Required action:
After locating the line that contains "Album cover art" in the material below, copy that line and each one following it, exactly, up to the last line. Pictures stay out.

Given data:
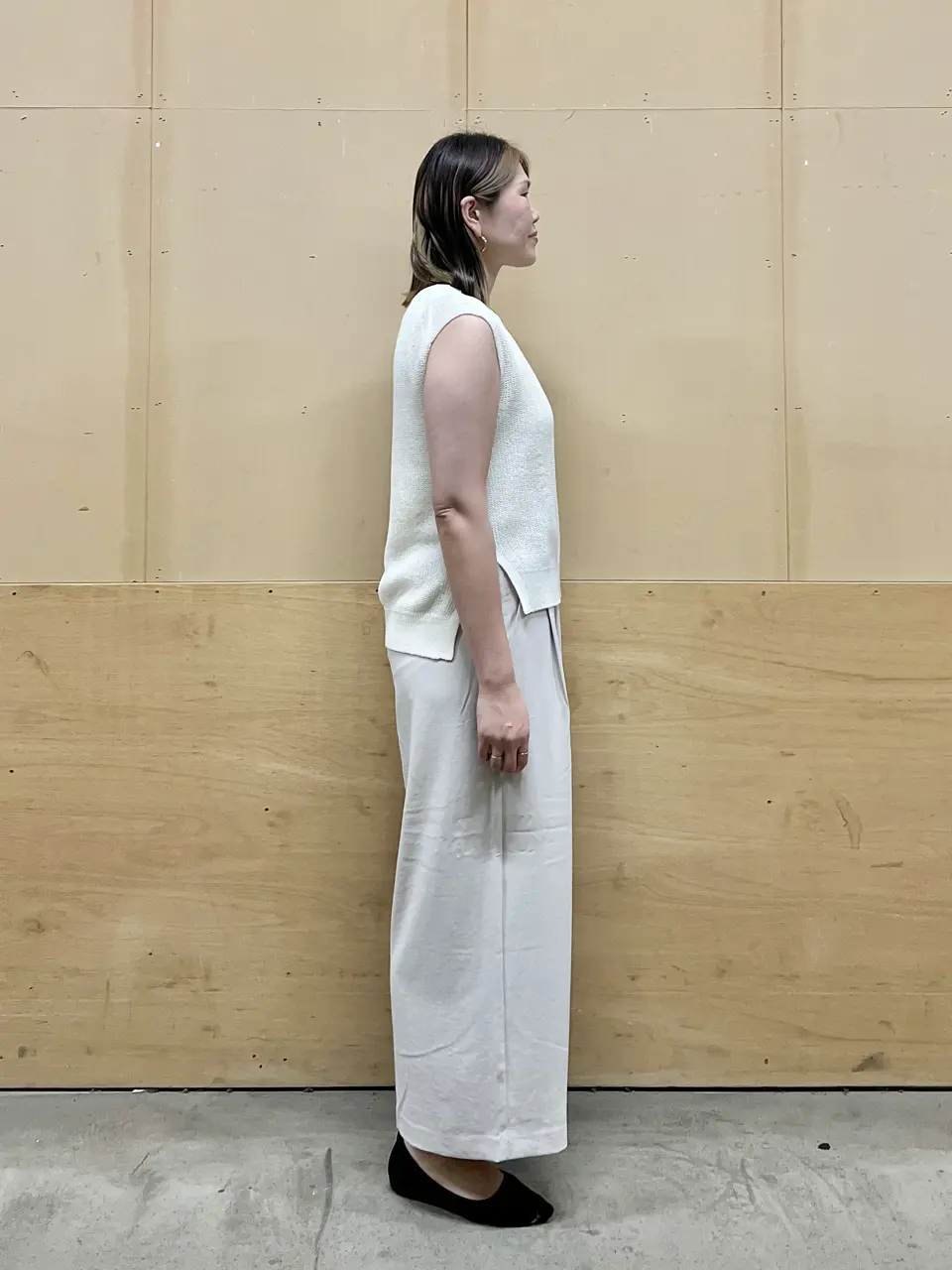 ANY 林 コーディネート画像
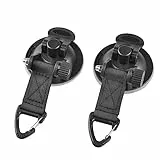 LIOOBO 2stücke Saugnapfhaken Für Zelte Stabile Haken Schwere Haken Saugnapfhaken Fürs Camping Zelthaken Multifunktionale Hängehaken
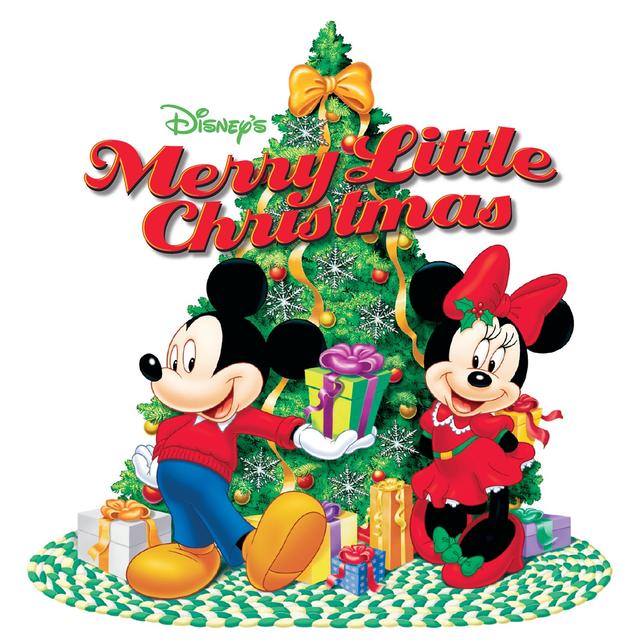 Album cover art for Disney's Merry Little Christmas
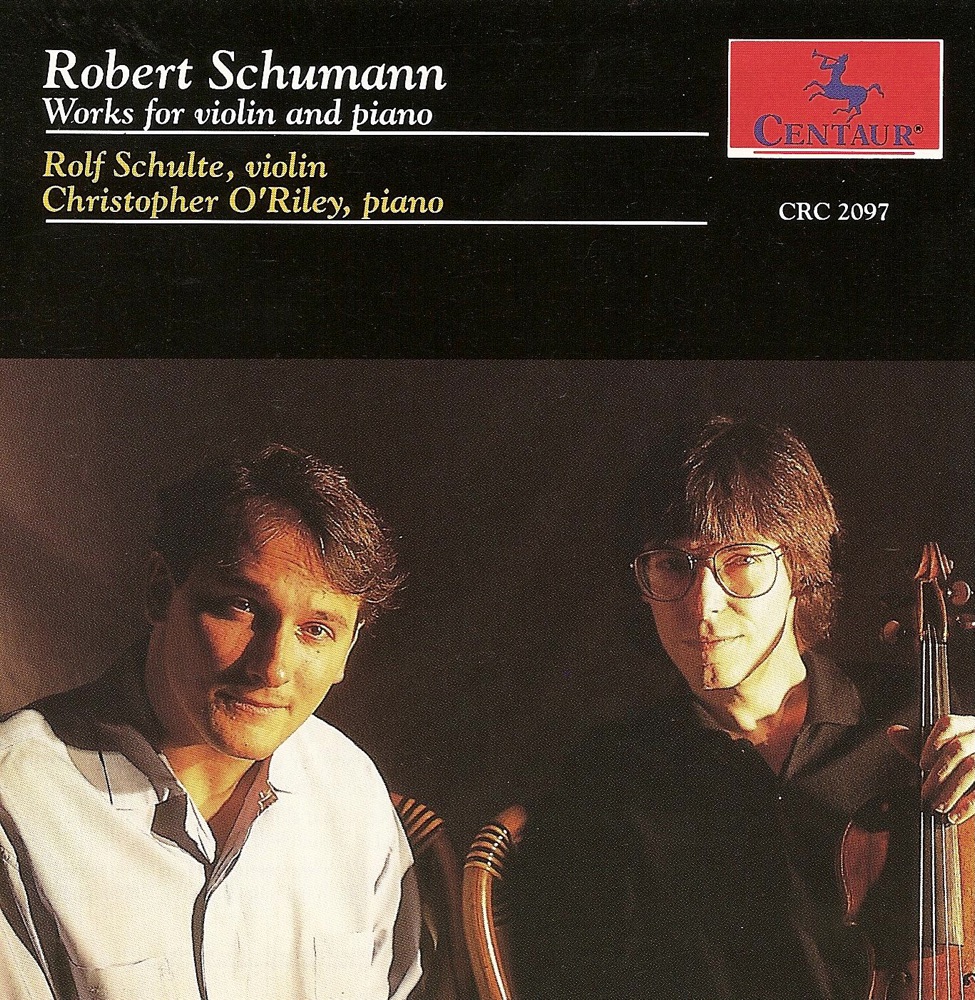 Обложка альбома «Schumann, R.: Fantasiestucke - Adagio and Allegro - 3 Romanzen - 5 Pieces in Folk Style - Fairy Tales» — Rolf Schulte & Christopher O'Riley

The completed task:
 Album cover art for Disney's Merry Little Christmas
 Обложка альбома «Schumann, R.: Fantasiestucke - Adagio and Allegro - 3 Romanzen - 5 Pieces in Folk Style - Fairy Tales» — Rolf Schulte & Christopher O'Riley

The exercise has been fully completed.